The Federal Circuit has reversed a decision by the US Patent and Trademark Office’s (USPTO’s) Patent Trial and Appeal Board (PTAB or Board) that patent claims involving antibiotic-resistant bacteria were unpatentable as obvious.
The case involved a patent application by the University of Strathclyde in Glasgow, Scotland.
The court noted that
Methicillin-resistant Staphylococcus aureus (MRSA), and other Gram-positive bacteria that have developed resistance to antibiotics, are “known to cause health problems, particularly in the hospital environment.”
The Centers for Disease Control and Prevention (CDC) have reported that “Approximately 5% of patients in U.S. hospitals carry MRSA in their nose or on their skin.”
MRSA can cause:
- bloodstream infections
- surgical site infections
It is usually spread by direct contact with an infected wound or via the hands of healthcare providers.
The University’s patent application explained that
effective methods of controlling transmission of and rising infection rates from antibiotic-resistant bacteria are “becoming one of the most significant problems within the healthcare industry.” … This is due, in part, to the “availability of few effective sterili[z]ation methods for environmental decontamination” of air and surfaces
Previous photoinactivation methods have used light in combination with a photosensitizer to kill bacteria. However, as the court notes, this method
suffers from “the significant practical disadvantage that photosensiti[z]ing agents must be applied to the bacteria that are to be inactivated.”

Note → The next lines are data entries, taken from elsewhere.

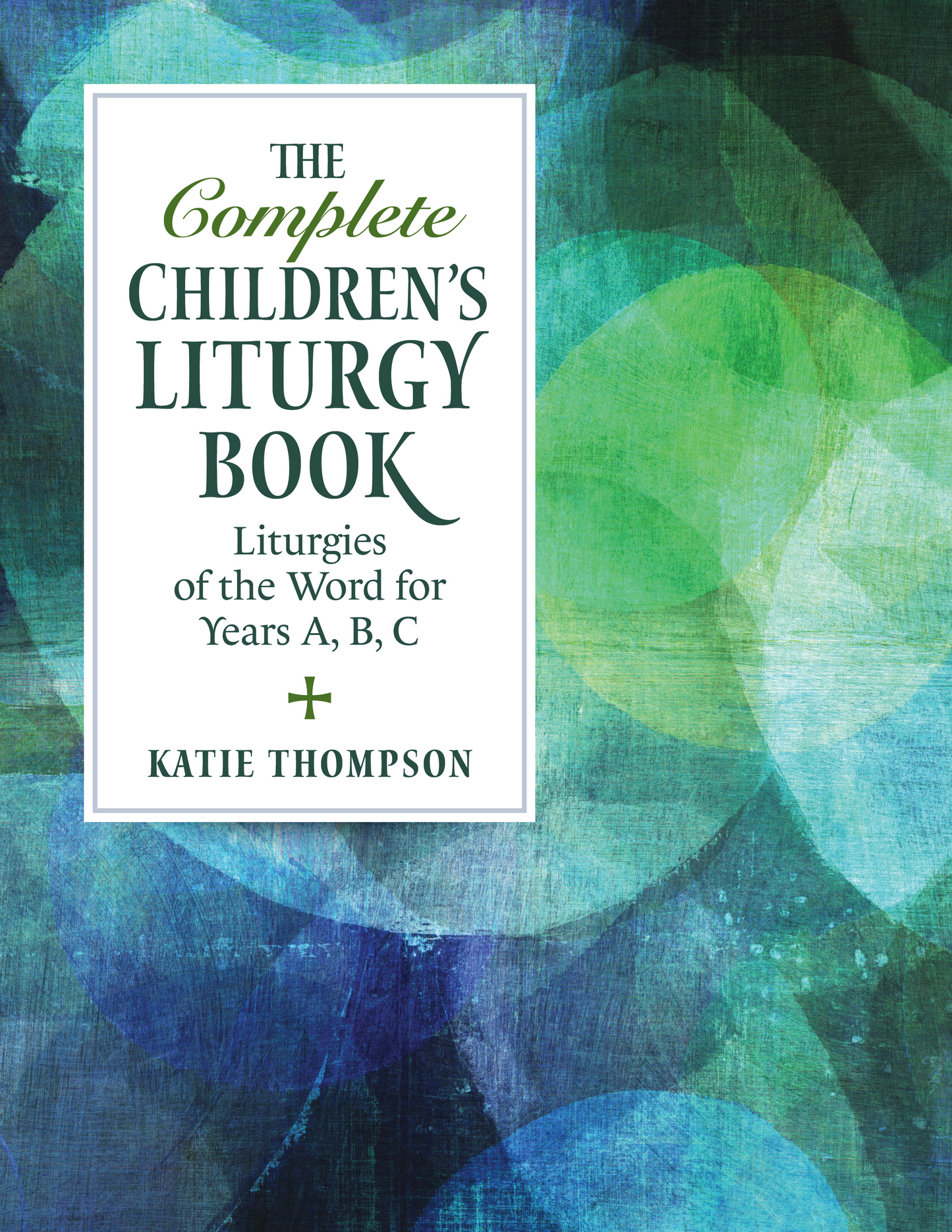 The Complete Children’s Liturgy Book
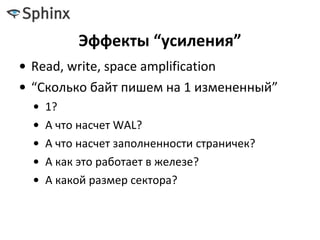 Эффекты “усиления”
• Read, write, space amplification
• “Сколько байт пишем на 1 измененный”
• 1?
• А что насчет WAL?
• А что насчет заполненности страничек?
• А как это работает в железе?
• А какой размер сектора?
 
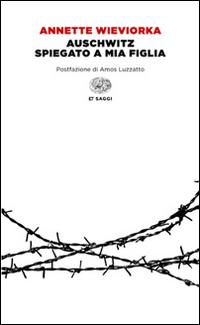 Produktbild: Auschwitz spiegato a mia figlia | Annette Wieviorka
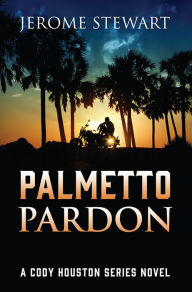 Title: Palmetto Pardon, Author: Jerome Stewart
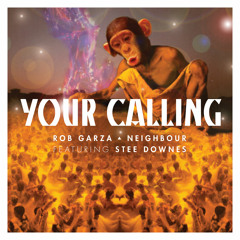 Rob Garza & Neighbour - Your Calling ft Stee Downs
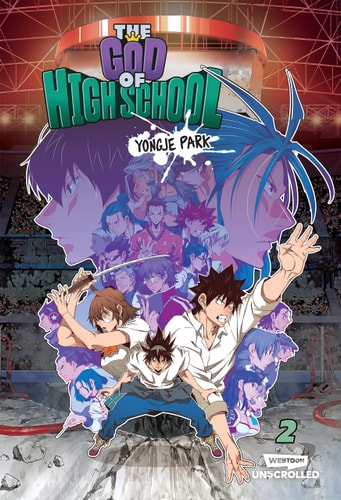 The God Of High School Volume Two: A Webtoon Unscrolled Graphic Novel (God Of High School, 2)
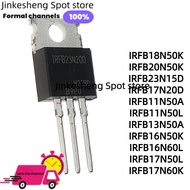 5PCS IRFB17N60K IRFB18N50K IRFB20N50K IRFB23N15D IRFB17N20D IRFB11N50A IRFB11N50L IRFB13N50A IRFB16N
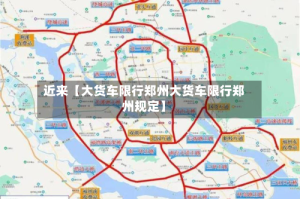 近来【大货车限行郑州大货车限行郑州规定】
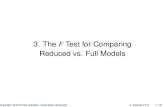 3. The F Test for Comparing Reduced vs. Full Models · Now back to determining the distribution of F = y0(P X P X 0)y=[rank(X) rank(X 0)] y0(I P X)y=[n rank(X)]: An important ﬁrst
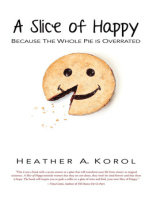 A Slice of Happy: Because the Whole Pie is Overrated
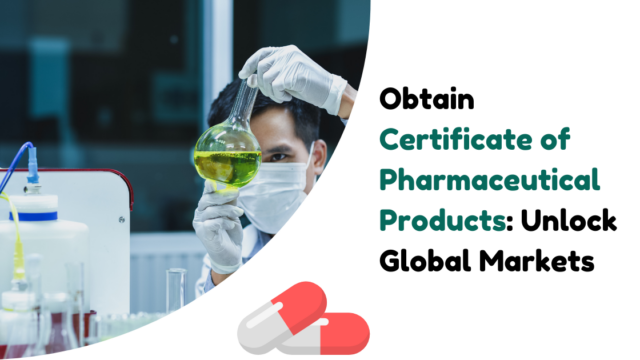 Obtain Certificate of Pharmaceutical Products Unlock Global Markets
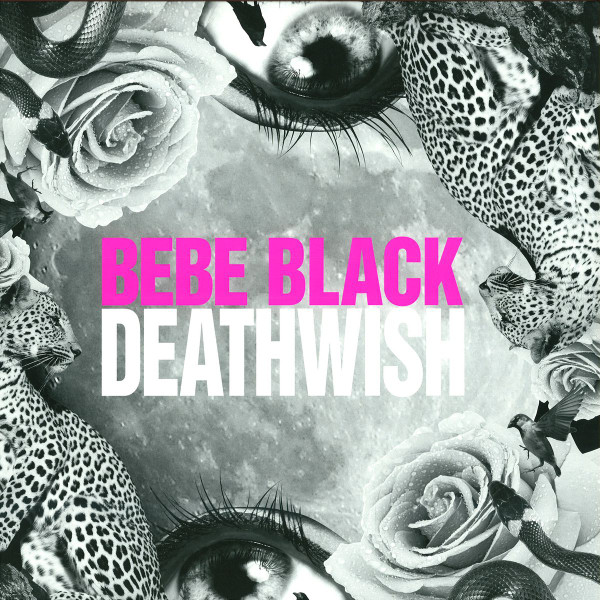 Bebe Black - Deathwish | Columbia (BC99308-01)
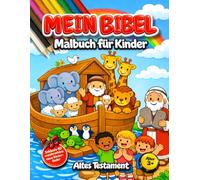 Mein Bibel Malbuch für Kinder: Kinderbibel zum Altes Testament - Male die Bibel aus mit den 40 schönsten Bibelgeschichten für Kinder ab 3 Jahren mit ... Kindergebeten und wunderschönen neuen Liedern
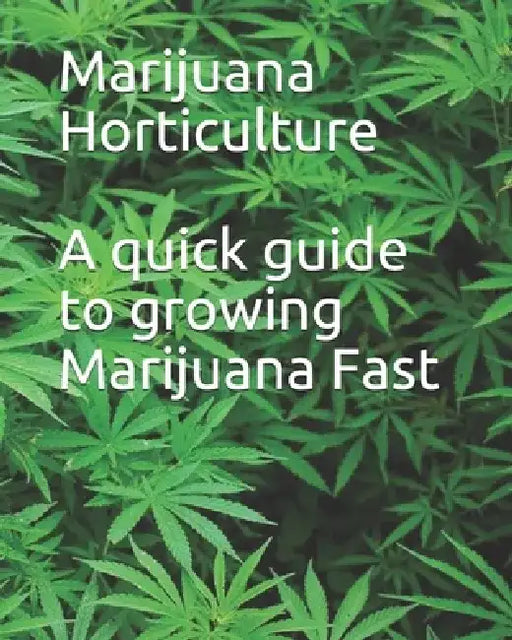 Marijuana Horticulture: A quick guide to growing Marijuana Fast by Noah 950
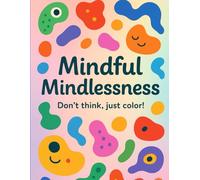 Mindless Mindfulness: Relax, Don’t Overthink (The Art of Relaxation Mindful Mindlessness Coloring Books)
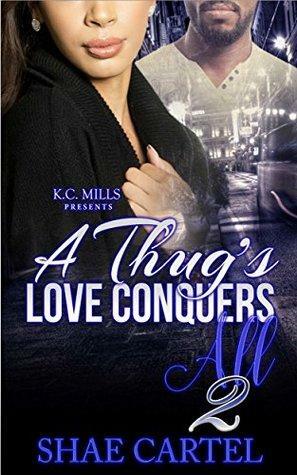 A Thug's Love Conquers All 2 by Shae Cartel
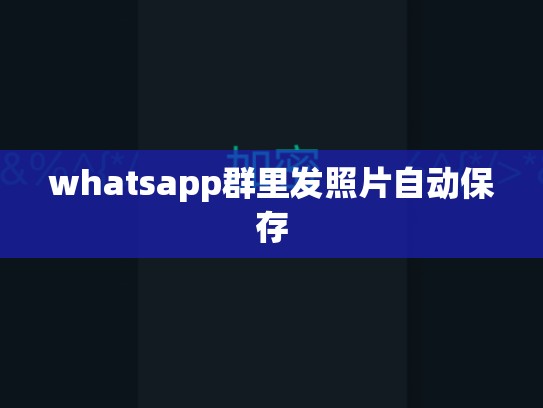 whatsapp群里发照片自动保存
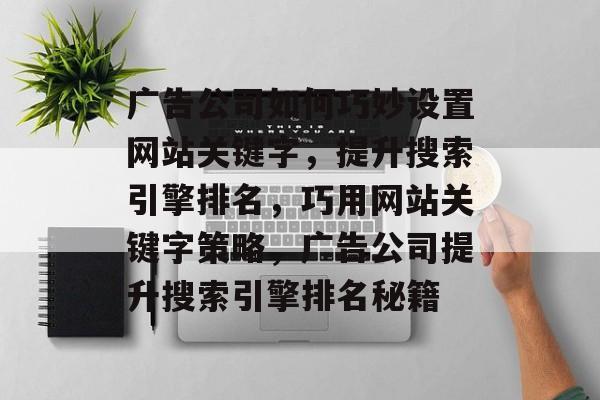 广告公司如何巧妙设置网站关键字，提升搜索引擎排名，巧用网站关键字策略，广告公司提升搜索引擎排名秘籍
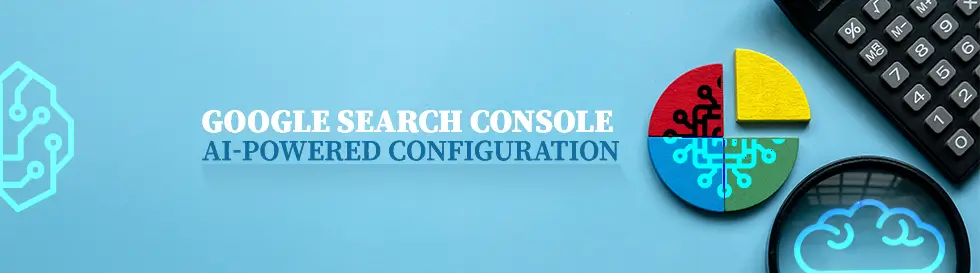 google-launches-ai-powered-configuration-in-search-console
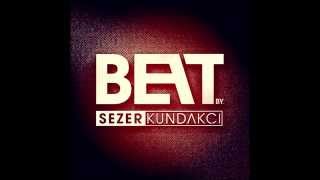 Sezer Kundakçı - Sence (Beat)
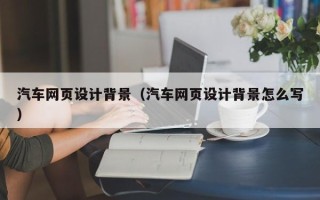 保山汽车网页设计背景（汽车网页设计背景怎么写）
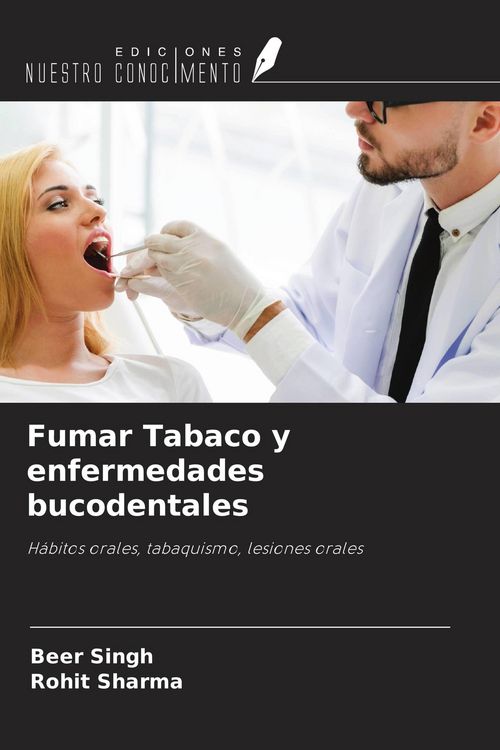 Produktbild: Fumar Tabaco y enfermedades bucodentales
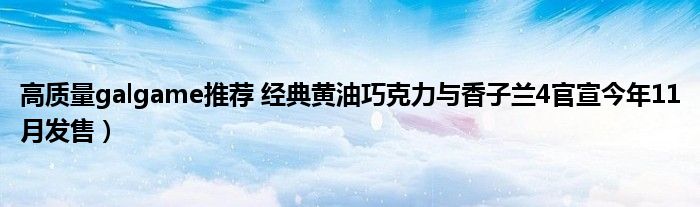 高质量galgame推荐 经典黄油巧克力与香子兰4官宣今年11月发售）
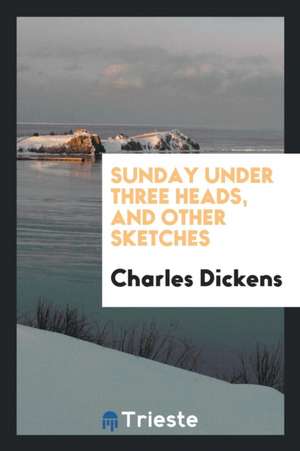 Sunday Under Three Heads, and Other Sketches de Charles Dickens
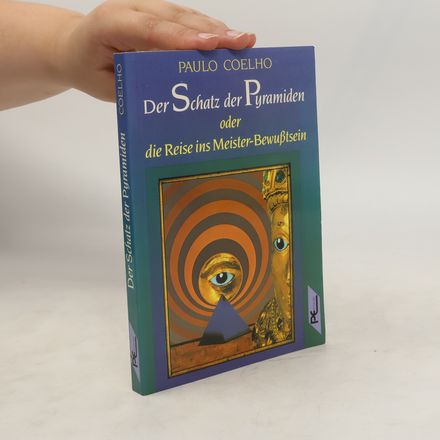 Der Schatz der Pyramiden oder die Reise ins Meister-Bewusstsein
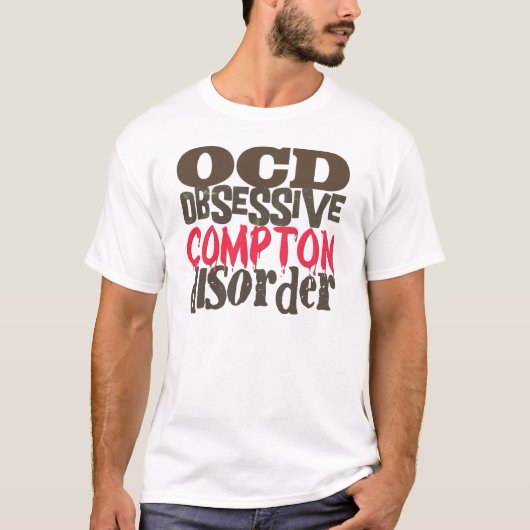 Obsessieve-Compact Disorder T-shirt (Voorkant)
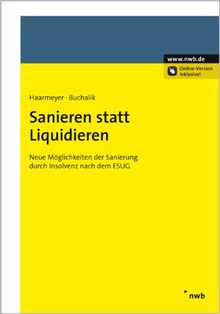 Sanieren statt Liquidieren: Neue Möglichkeiten der Sanierung durch Insolvenz nach dem ESUG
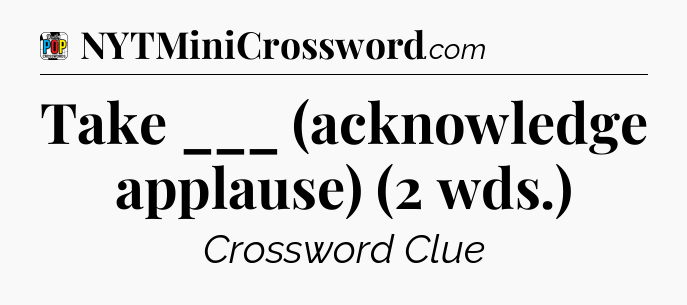 Take ___ (acknowledge applause) (2 wds.) Crossword Clue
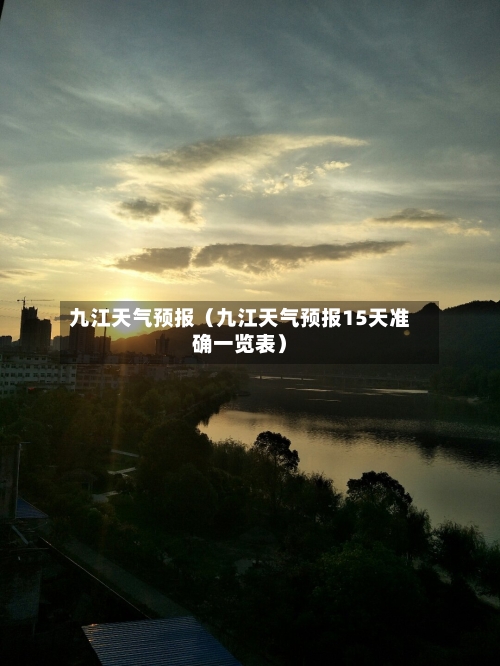 九江天气预报(九江天气预报15天准确一览表)-第1张图片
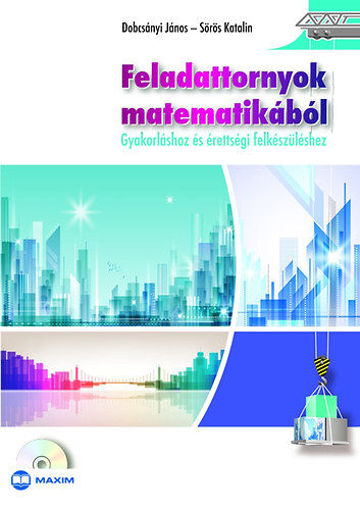 Feladattornyok matematikából - GYAKORLÁSHOZ ÉS ÉRETTSÉGI FELKÉSZÜLÉSHEZ termékhez kapcsolódó kép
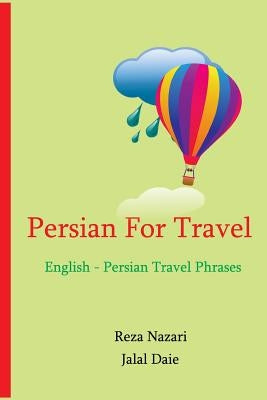 Persian for Travel: English - Persian Travel Phrases: Start Speaking Persian Today! by Daie, Jalal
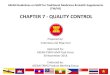 CHAPTER 7 - QUALITY CONTROL - ASEANasean.org/storage/2012/10/ASEAN-TMHS-GMP-Training-Chapter-7... · must involve in all decisions which may concern the quality ... 10 Quality Control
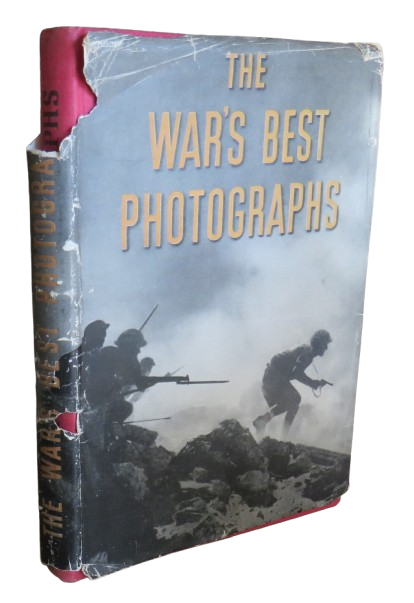 The War's Best Photographs Pictorial Masterpieces of the Greatest Struggle The World Has Known book front cover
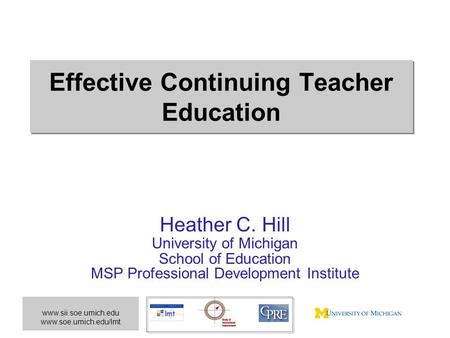 Www.sii.soe.umich.edu www.soe.umich.edu/lmt Effective Continuing Teacher Education Heather C. Hill University of Michigan School of Education MSP Professional.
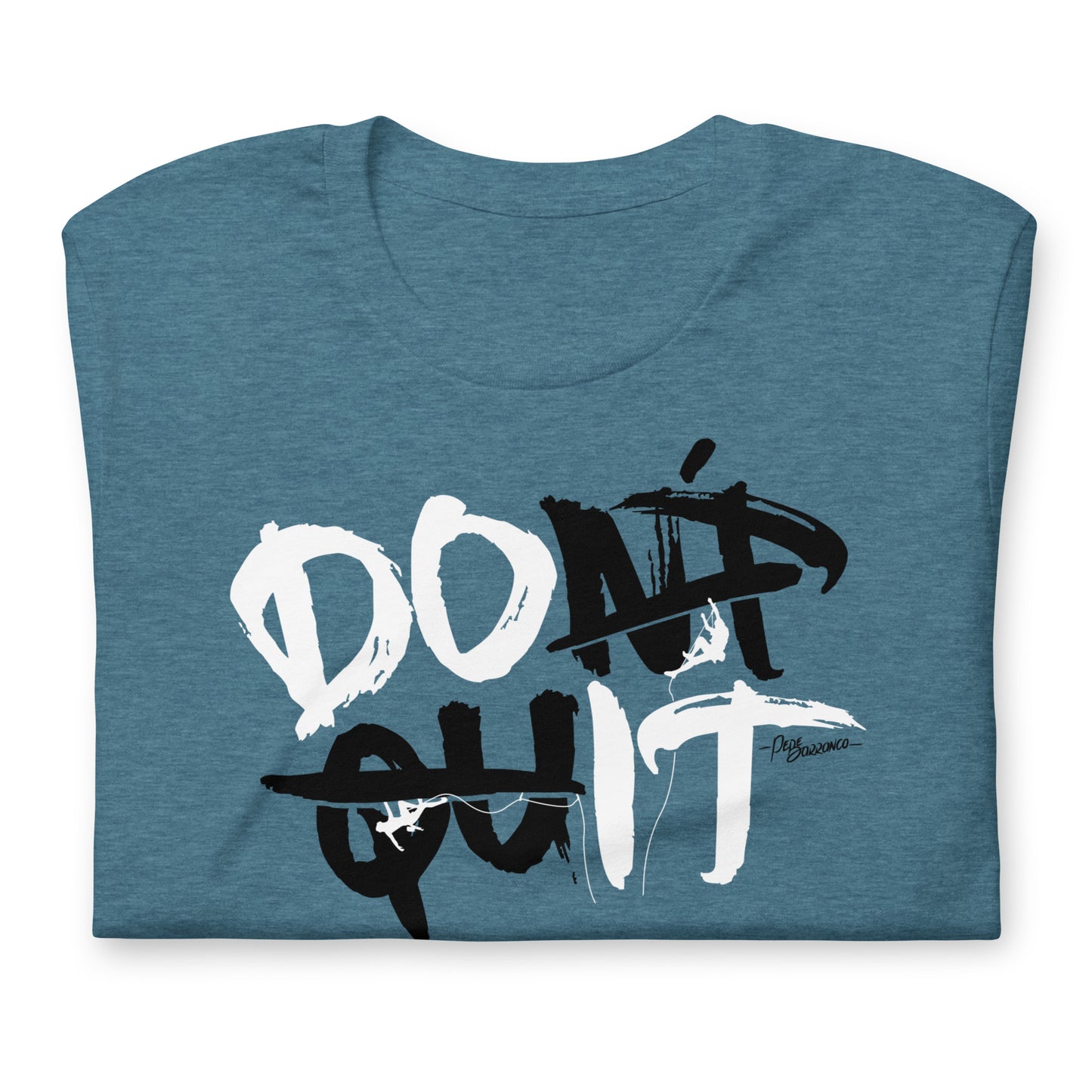 Camiseta "DON'T QUIT"
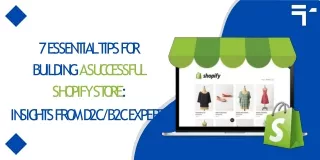 7 Essential Tips for Building a Successful Shopify Store - Insights from D2C B2C Experts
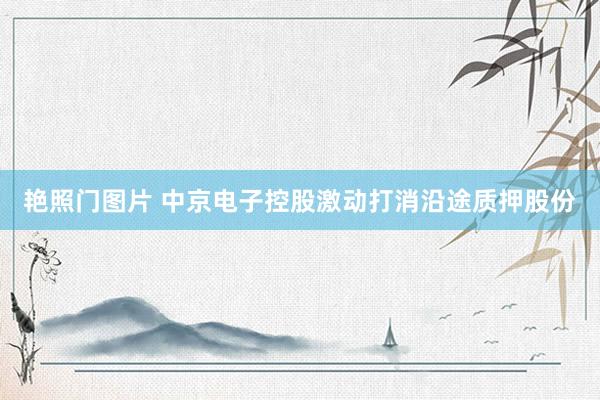 艳照门图片 中京电子控股激动打消沿途质押股份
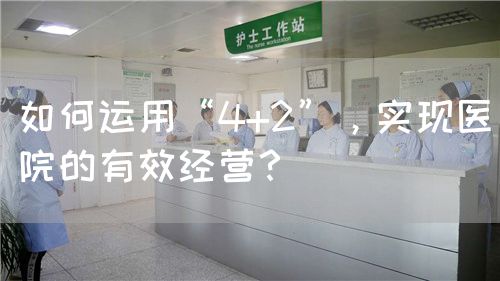 如何运用“4+2”，实现医院的有效经营？(图1)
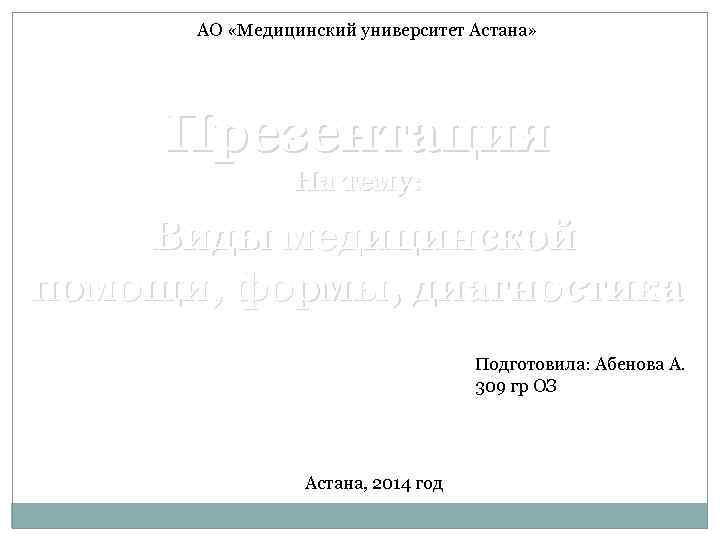 АО «Медицинский университет Астана» Презентация На тему: Виды медицинской помощи, формы, диагностика Подготовила: Абенова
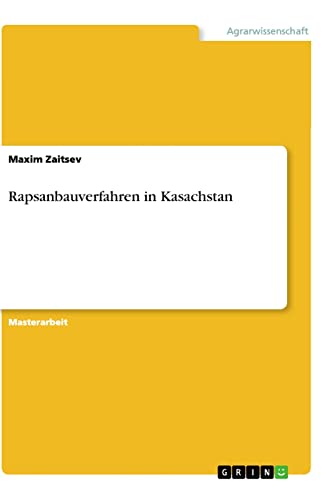 Rapsanbauverfahren in Kasachstan: Magisterarbeit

Scientists at the University of Strathclyde, recognizing this practical disadvantage, developed a method for photoinactivating antibiotic-resistant bacteria like MRSA without using a photosensitizing agent. Through numerous experiments, the inventors found that “[e]xposing [certain] bacteria to blue light, or white light containing blue light” having a wavelength in the region of 400–500 nm, “stimulate[s] an inactivation process.”
Clear-Vu Lighting petitioned for inter partes review of four claims of the University’s patent, including on the grounds that they were obvious in light of prior art. The PTAB agreed in part.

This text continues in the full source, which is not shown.